_Listed entries:_
------------------------------------------------------------------------

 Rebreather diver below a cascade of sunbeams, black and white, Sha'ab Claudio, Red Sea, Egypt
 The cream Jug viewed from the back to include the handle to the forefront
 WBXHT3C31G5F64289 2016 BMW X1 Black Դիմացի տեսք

------------------------------------------------------------------------

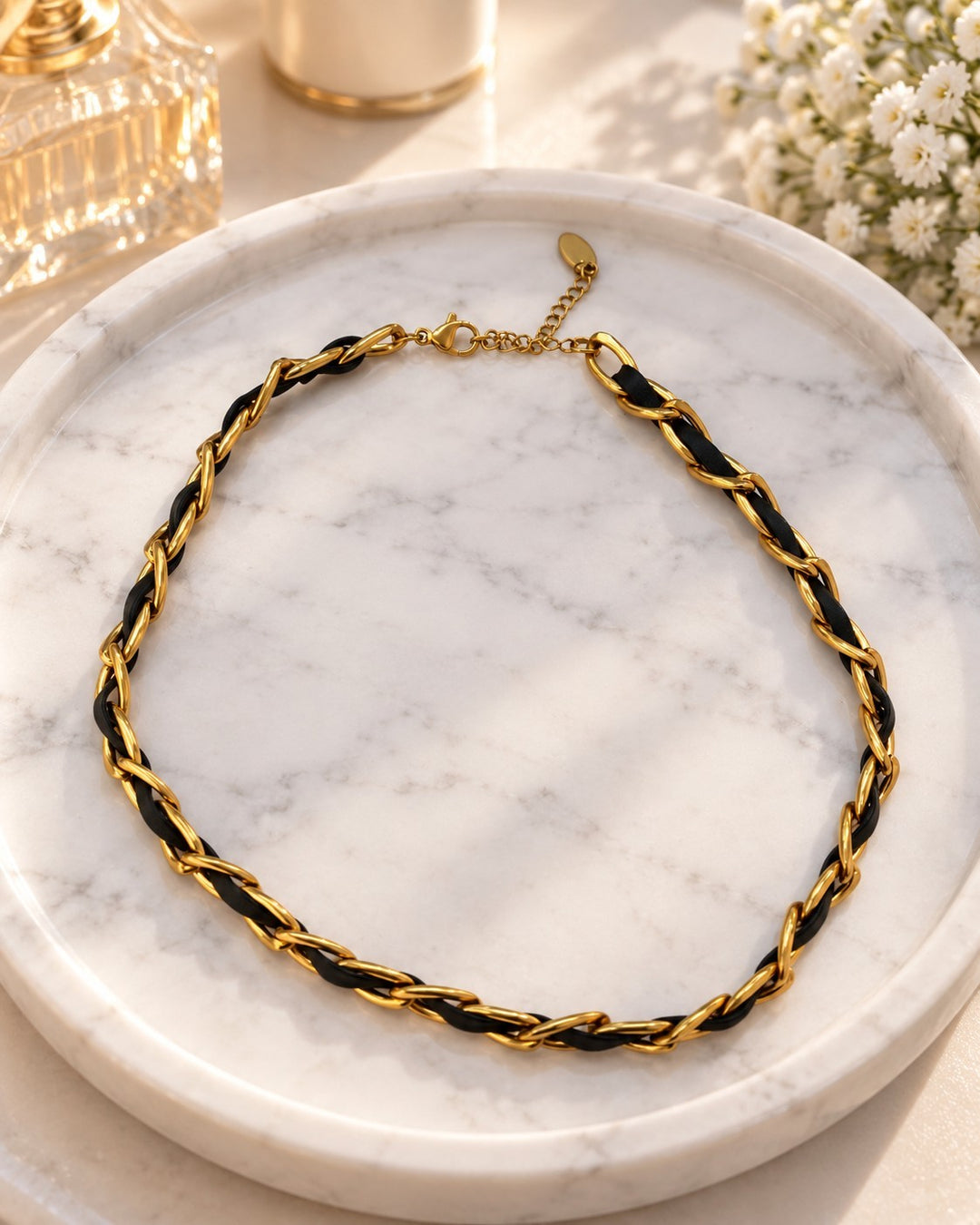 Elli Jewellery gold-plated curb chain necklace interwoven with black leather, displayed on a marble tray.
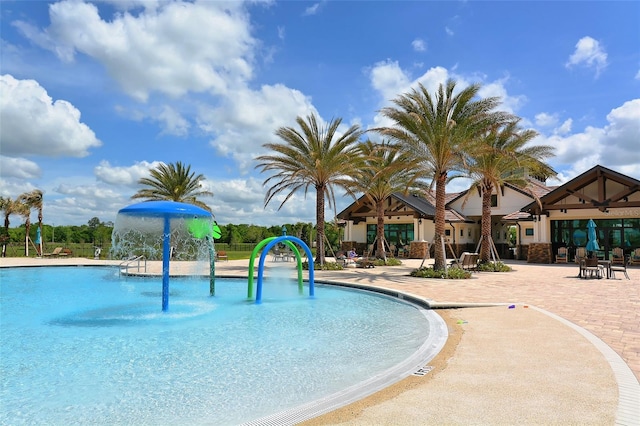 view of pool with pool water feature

------------------------------------------------------------------------

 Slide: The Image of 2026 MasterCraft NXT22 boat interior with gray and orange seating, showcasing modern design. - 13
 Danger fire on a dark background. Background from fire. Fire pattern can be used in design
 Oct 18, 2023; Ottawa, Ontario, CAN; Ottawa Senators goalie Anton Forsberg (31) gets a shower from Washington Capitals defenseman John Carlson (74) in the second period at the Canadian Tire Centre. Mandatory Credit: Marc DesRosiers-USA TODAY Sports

------------------------------------------------------------------------

_Exercise requirements:_ Print exactly the lines above that run from the one with "Elli Jewellery gold-plated" down to the one with "view of pool with pool water feature", and omit the pictures.

_Solution to the exercise:_
 Elli Jewellery gold-plated curb chain necklace interwoven with black leather, displayed on a marble tray.
 view of pool with pool water feature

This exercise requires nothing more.